THIRD DIVISION DOYLE, P. J., MARKLE and PADGETT, JJ.
NOTICE: Motions for reconsideration must be physically received in our clerk’s office within ten days of the date of decision to be deemed timely filed. https://www.gaappeals.us/rules
December 18, 2025
In the Court of Appeals of Georgia A25A1543. RAMEY v. KIMSEY et al.
DOYLE, Presiding Judge.
Raymond and Maria Kimsey filed the instant suit for trespass and ejectment
against Horace Ramey, and after a bifurcated trial, the jury awarded them $27,000 in
general damages and $450,000 in punitive damages, which the trial court reduced to
$250,000 pursuant to OCGA § 51-12-5.1(g). The trial court denied Ramey’s motion
for new trial, and he now appeals, arguing that the punitive damages award was grossly
excessive. For the reasons that follow, we affirm.
Viewed in the light most favorable to the verdict, see Paine v. Nations, 283 Ga.

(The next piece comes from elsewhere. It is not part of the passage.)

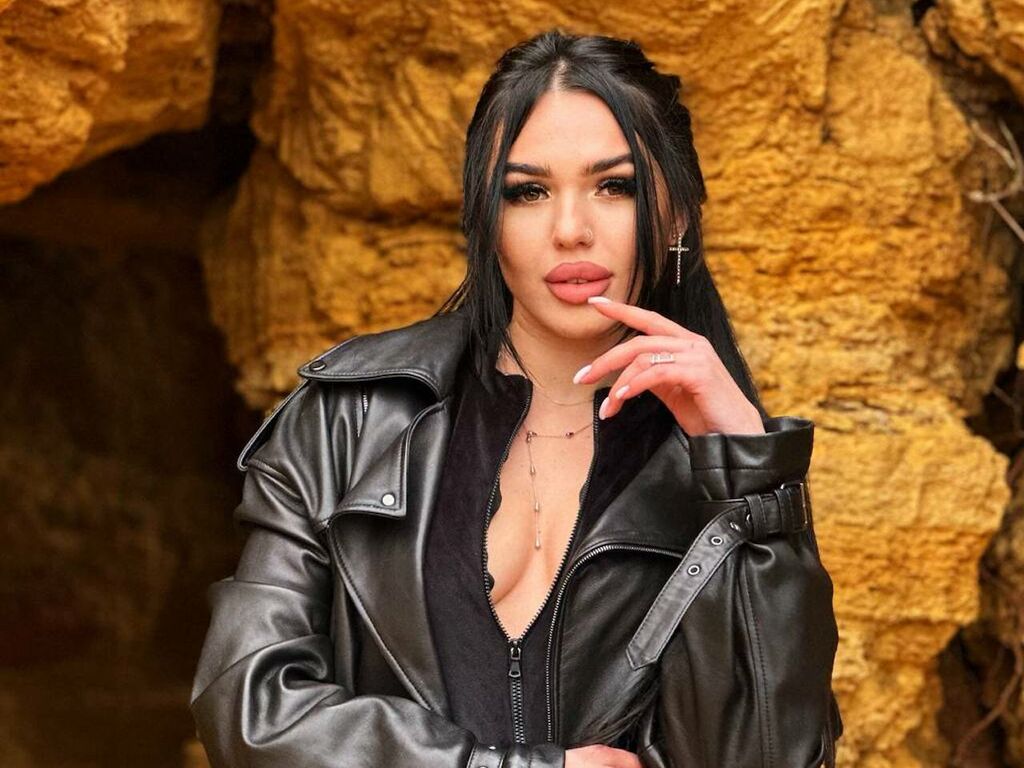 Control MariyaNovak - Live girl Cam & Interactive Lovense Toy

App. 167, 167–68 (641 SE2d 180) (2006), the record shows that the Kimseys and
Ramey owned adjacent properties in Rabun County, Georgia, separated by a creek. The Kimseys’ property went to the creek’s centerline and encompassed half of a
waterfall. The other half of the waterfall was owned by adjoining landowners who are
not parties to this litigation.
In 2004, Ramey and other family members purchased the property he now
owns. There are seven homes on the property, with the earliest originally built as an
orphanage in 1910. The orphanage building was converted to a bed and breakfast prior
to Ramey’s purchase, and the other buildings, including a house near the creek (“the
creek house”), were used as long-term rentals until 2018, when Ramey converted to
short-term rental. Near the creek house, a foot bridge spanned the creek leading to a
clearing surrounded by thicker woods. The bridge predated Ramey’s purchase of the
property, and he assumed it belonged to him because it was painted the same color as
the creek house.
In 2014, the Kimseys inherited their main property from family, who had owned
it since the 1960s, and this property included half the creek and waterfall. Although
Raymond’s parents lived on the property full time, he mainly used it as a vacation
home, until Maria moved there more recently. Across the creek from this original
property were other landowners. Around 2017, the Kimseys purchased an adjacent lot
2 (“the Ritter property”), which also abutted the creek below the original property.
Across the creek from the Ritter property was Ramey’s property, and this is where the
foot bridge was located.
Around 2018, the Kimseys noticed that the clearing on the former Ritter
property contained chairs and a firepit. Raymond conceded that the bridge existed
when he purchased the Ritter property, but he claimed that more clearing had
occurred and the chairs and the firepit were new. The Kimseys moved the chairs onto
Ramey’s side of the bridge, but the chairs reappeared in the clearing; they did not
know who moved them back. Raymond also removed the firepit, which was not
replaced.
Raymond also testified that around 2015, Ramey cleared a path by the creek on
his own property by the creek up and across another owner’s land by the creek to the
area with the waterfall (opposite of the Kimseys’ side). The Kimseys added “no
trespassing” signs to their side of the creek, and they added more when they
discovered the clearing across from the bridge. Those signs were removed frequently,
but the Kimseys could not determine who removed them.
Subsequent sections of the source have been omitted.